I also had a lot of preconceived notions of who I was as a writer too though, and it was really rewarding to kick them. I had this dichotomy in my head that I was a person who wrote to entertain, and I could not also be someone who wrote to analyze. I always felt like I was faking my way through my classes. Eventually though, there comes a point when you have to realize that you’re actually good at the thing, or you have to at least pat yourself on the back for being such a good con artist. Now I can see that I’ve written some pretty good and pretty complex papers over the years, and I’m proud of that.
You completed the creative writing track in the major and your final creative writing project--amazing work! How was your experience?
I loved it! I usually only write YA (especially genre fiction) and I’m a severe over-writer, which is why I gravitate towards novels over short stories. But I decided to take my capstone as an opportunity to try something different, so I worked on a collection of short stories that are a little more “literary.” (Which is not to say that YA or genre fiction isn’t or can’t be literary!) I think you can learn a ton as a writer by constantly trying out different things—different genres, different tenses, different story structures. I also loved that the capstone class required us to work through multiple revisions with our professor. You usually don’t learn how to revise in a creative writing class.

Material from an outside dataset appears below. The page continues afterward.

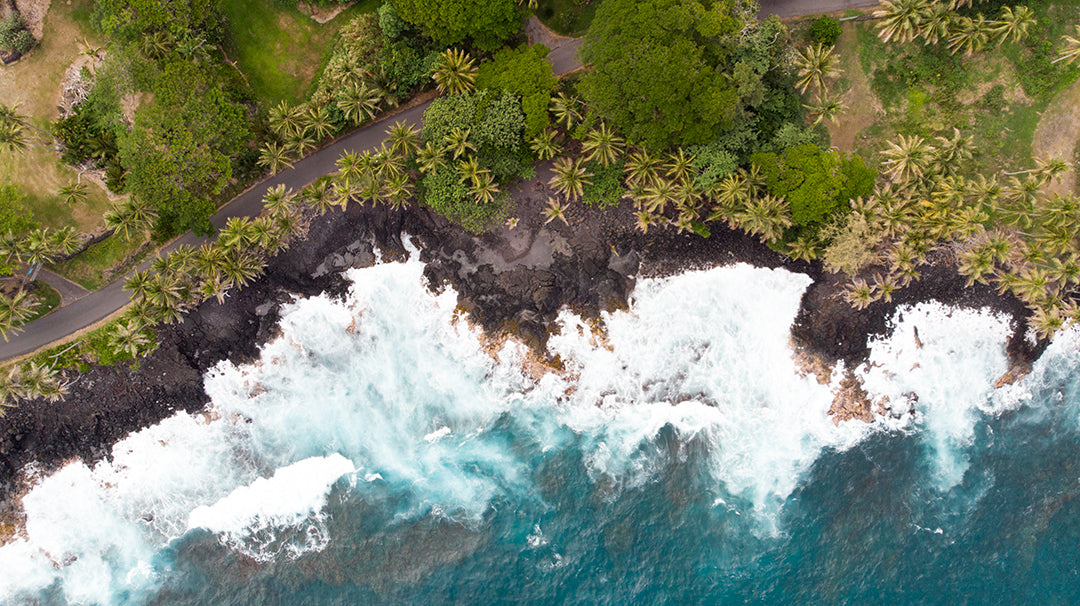 New | By Pieces Kehena Pack | XXS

You just graduated: congratulations! Do you have any future plans you would like to share with us?
I feel very lucky that I started working at the company I’m with now before the hiring freeze hit publishing. My company does IP (intellectual property) projects, meaning we come up with story ideas in-house and hire outside talent to write it, and I love getting to watch a book get built from the ground up, from brainstorming meetings to cover mock-ups. Some books I’ve been working on are releasing soon, so that’s exciting. We also do a lot on the film and TV side, so because of the pandemic, I’ll be pitching stories that take place in a single setting and have a small cast of characters—production companies want to be able to basically quarantine the whole cast and crew during filming. It’s funny how just the logistics of production are affecting the kinds of stories we can tell. I’m also working on my own books and looking to query one of them soon. Fingers crossed!
This year has been intense to say the least. Have you been reading anything that has helped you through it?

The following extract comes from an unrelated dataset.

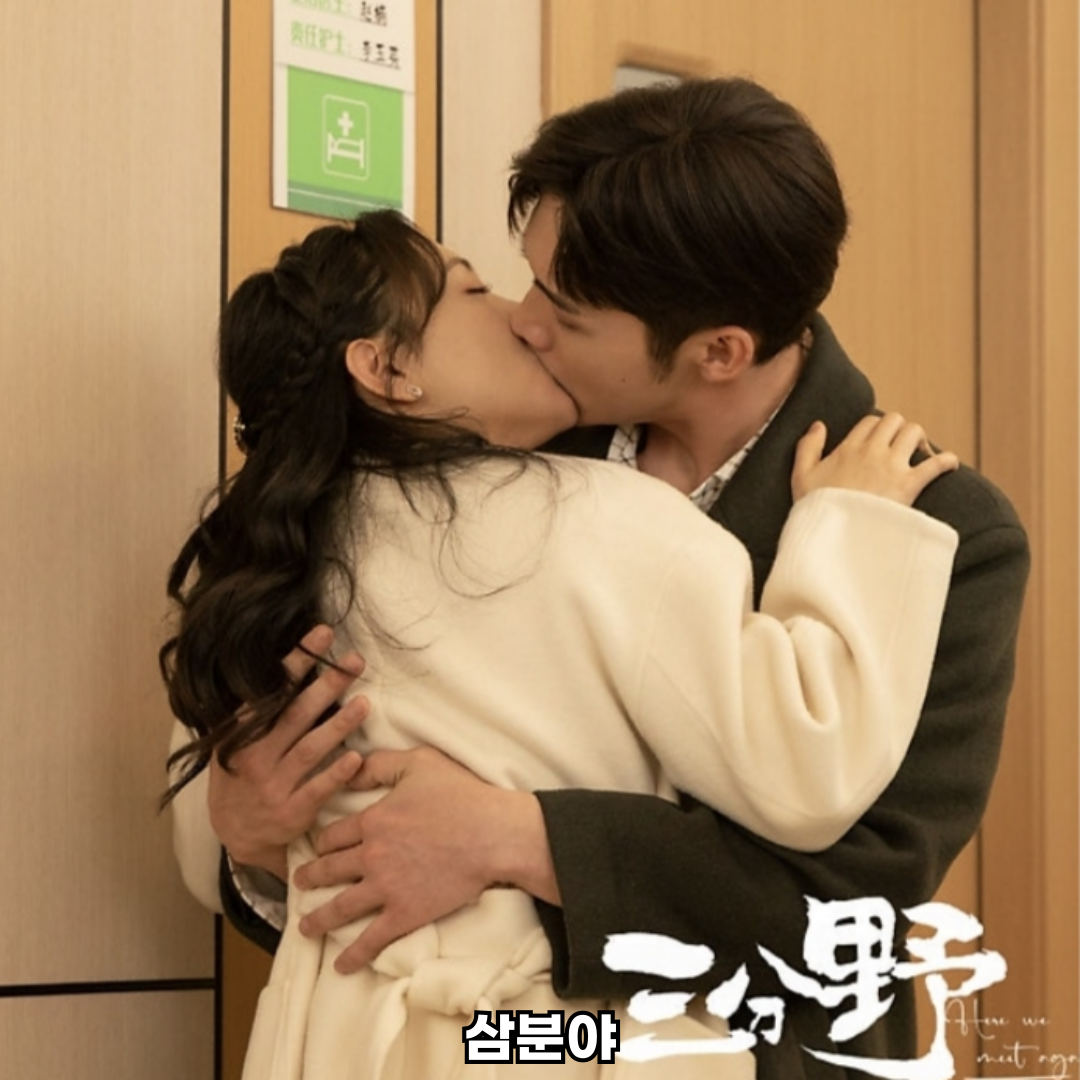 삼분야 중드 로맨스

When everything started shutting down and we were facing off with the reality of how truly bad the pandemic was, I felt like there were two types of story-consumers: those who fully leaned into what was going on, and were watching all these post-apocalyptic and plague outbreak movies, and those who just wanted something light and escapist. I was totally the latter. My favorite books to read became middle grade ones—there’s something so peppy and honest about the voice, and the stories are so cute. It’s nice to be with characters whose main conflict is that they want to be on the baseball team, but their mom won’t let them.
What advice would you give to students considering majoring in English at NYU?
Do the readings. I know, I know! That’s such basic and obvious advice. But lectures hit different when you have.